◆ Problem details:
What you produce should be an exact transcription of the data, minus any pictures.

◆ Data excerpt:

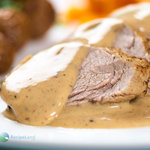 Perfectly cooked juicy pork tenderloin marinated in mustard and thyme served with a white wine cream sauce.  This sauce is perfect for the pork and any sides such as steamed potatoes and carrots.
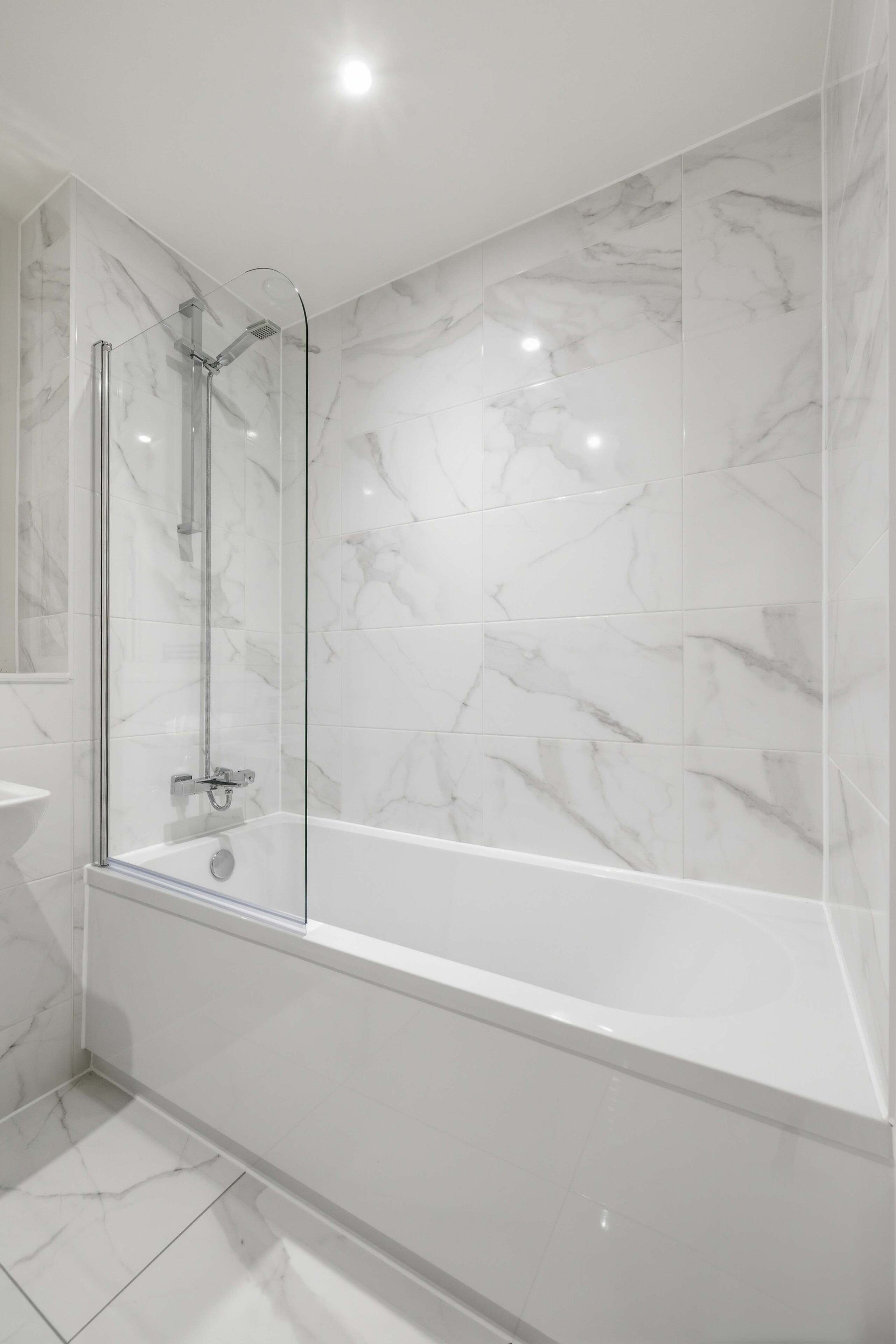 Une salle de bain moderne avec une douche à parois de verre, une baignoire blanche et des murs à motifs de marbre.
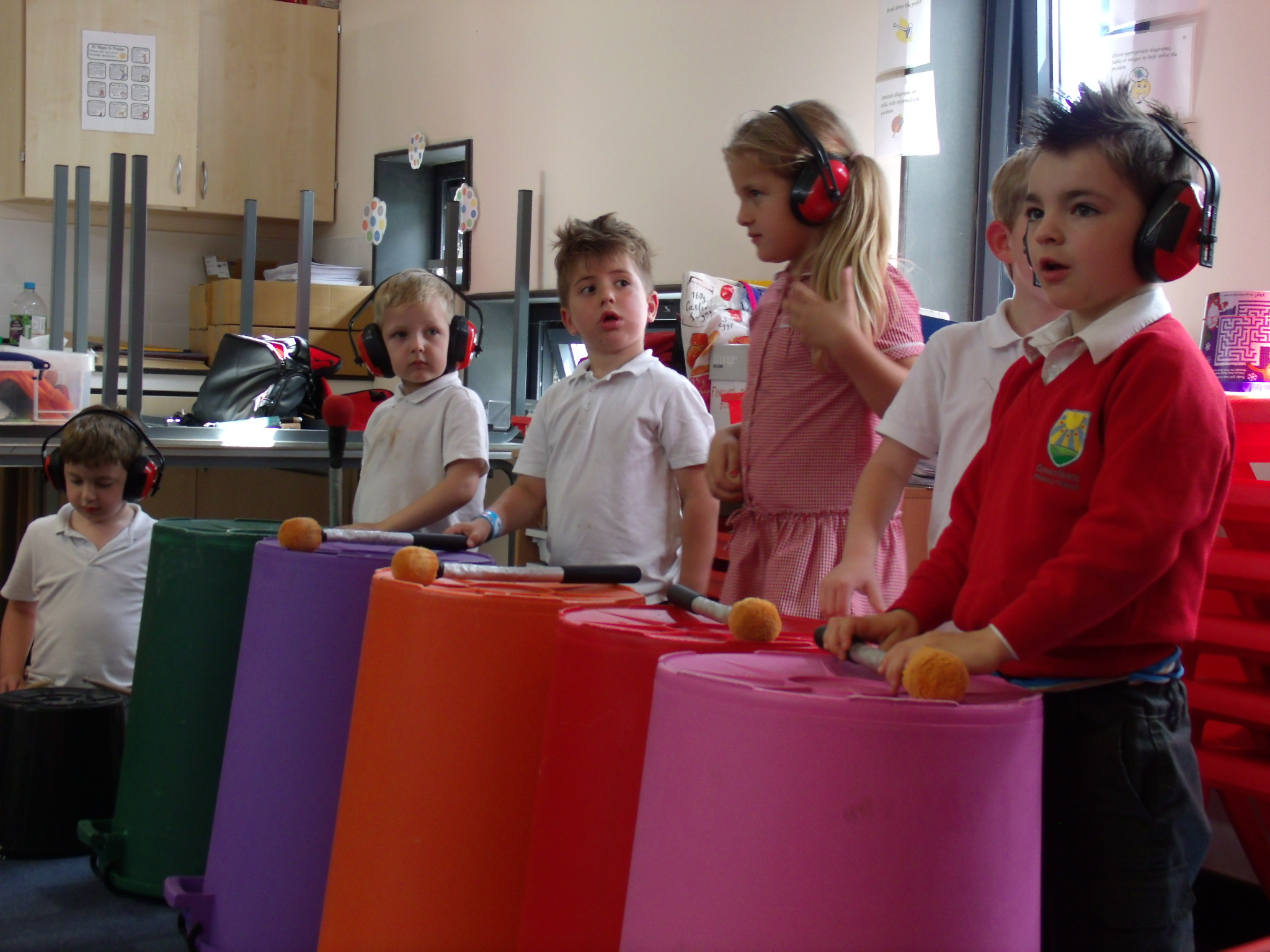 School children playing music on large colourful empty bins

◆ Reply:
 Perfectly cooked juicy pork tenderloin marinated in mustard and thyme served with a white wine cream sauce.  This sauce is perfect for the pork and any sides such as steamed potatoes and carrots.
 Une salle de bain moderne avec une douche à parois de verre, une baignoire blanche et des murs à motifs de marbre.
 School children playing music on large colourful empty bins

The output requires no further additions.